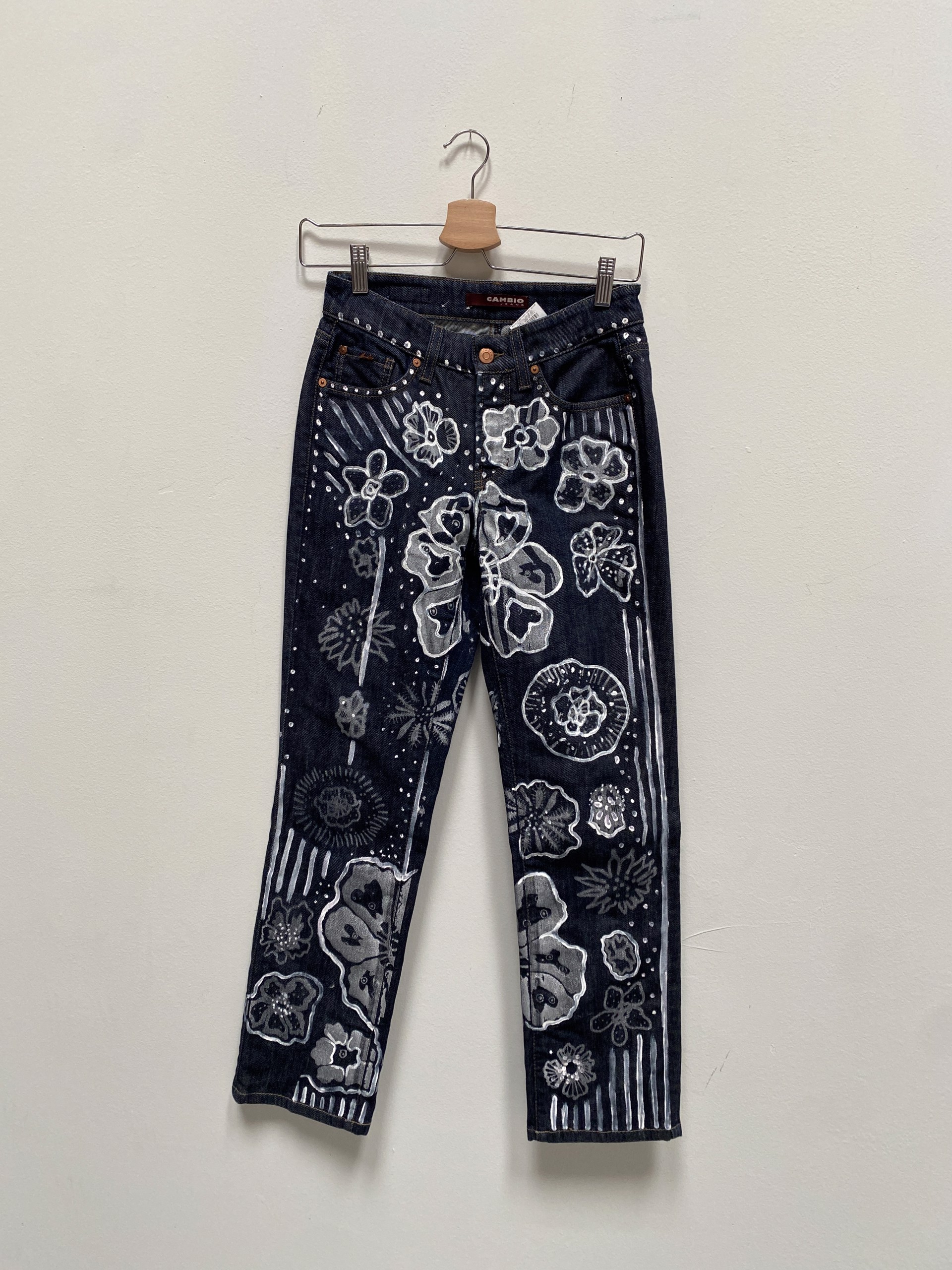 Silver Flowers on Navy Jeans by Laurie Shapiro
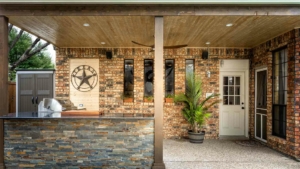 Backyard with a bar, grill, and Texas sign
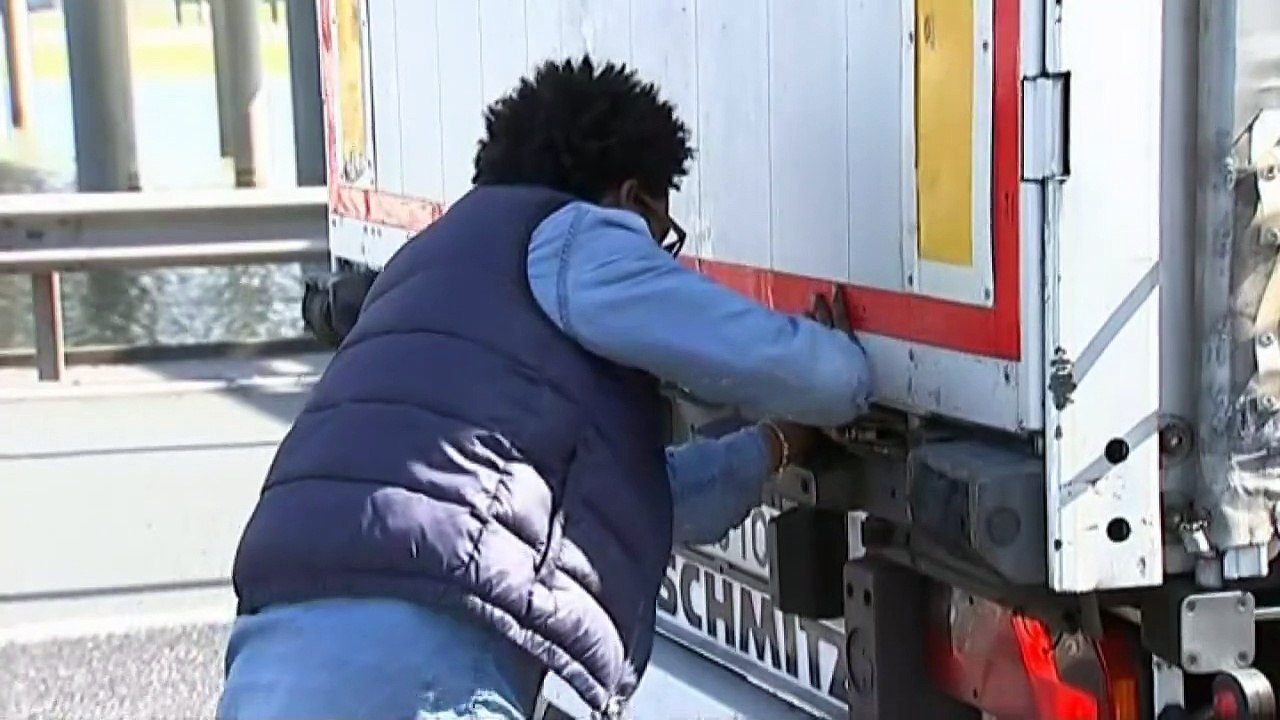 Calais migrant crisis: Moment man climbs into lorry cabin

* * *

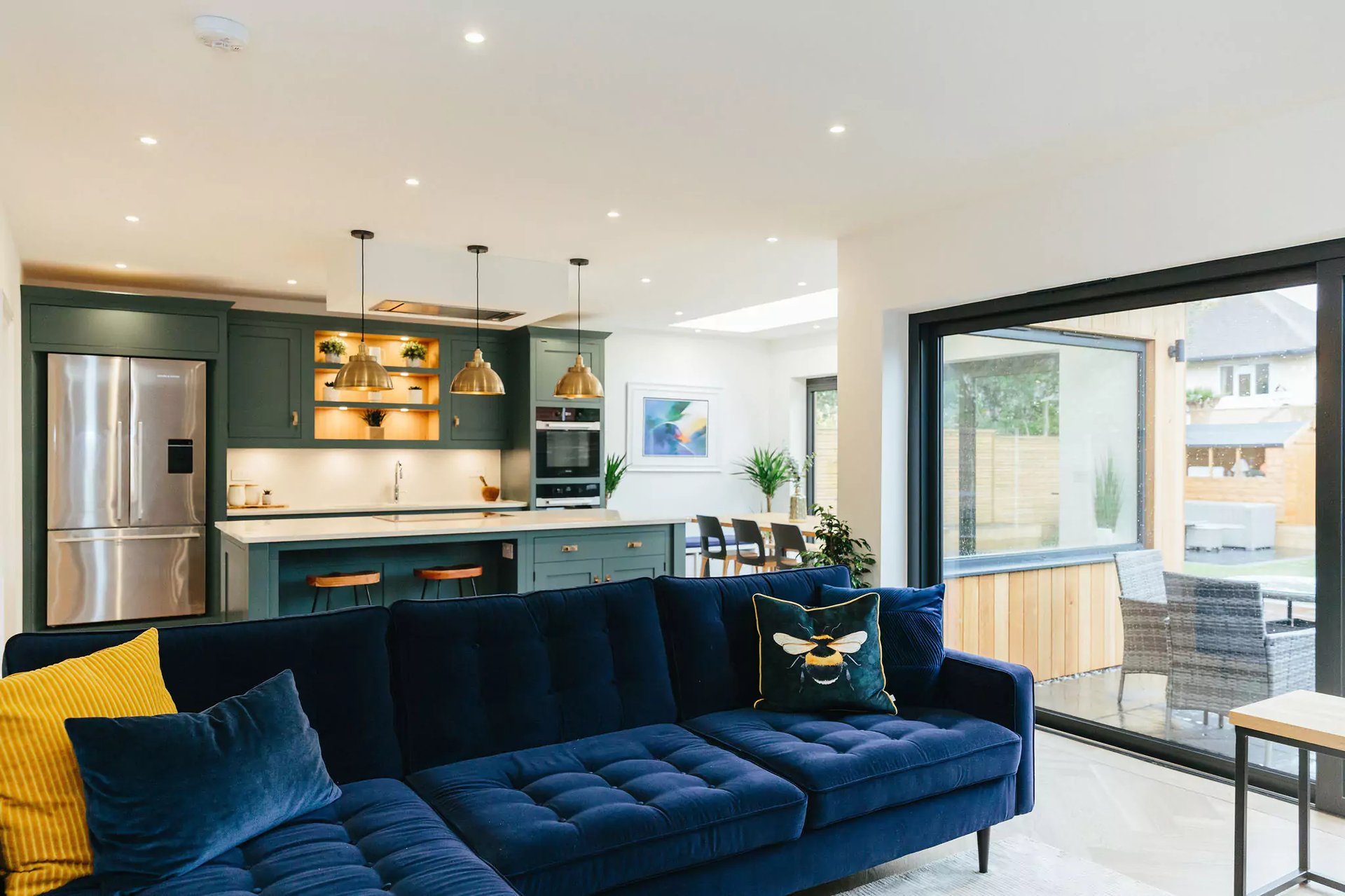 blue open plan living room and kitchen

▶ **Work item**: In the listing above, find the line containing "Silver Flowers on" and the line containing "Calais migrant crisis: Moment". Print those two lines and every line between them exactly, with no pictures.

▶ **Response to the exercise**:
 Silver Flowers on Navy Jeans by Laurie Shapiro
 Backyard with a bar, grill, and Texas sign
 Calais migrant crisis: Moment man climbs into lorry cabin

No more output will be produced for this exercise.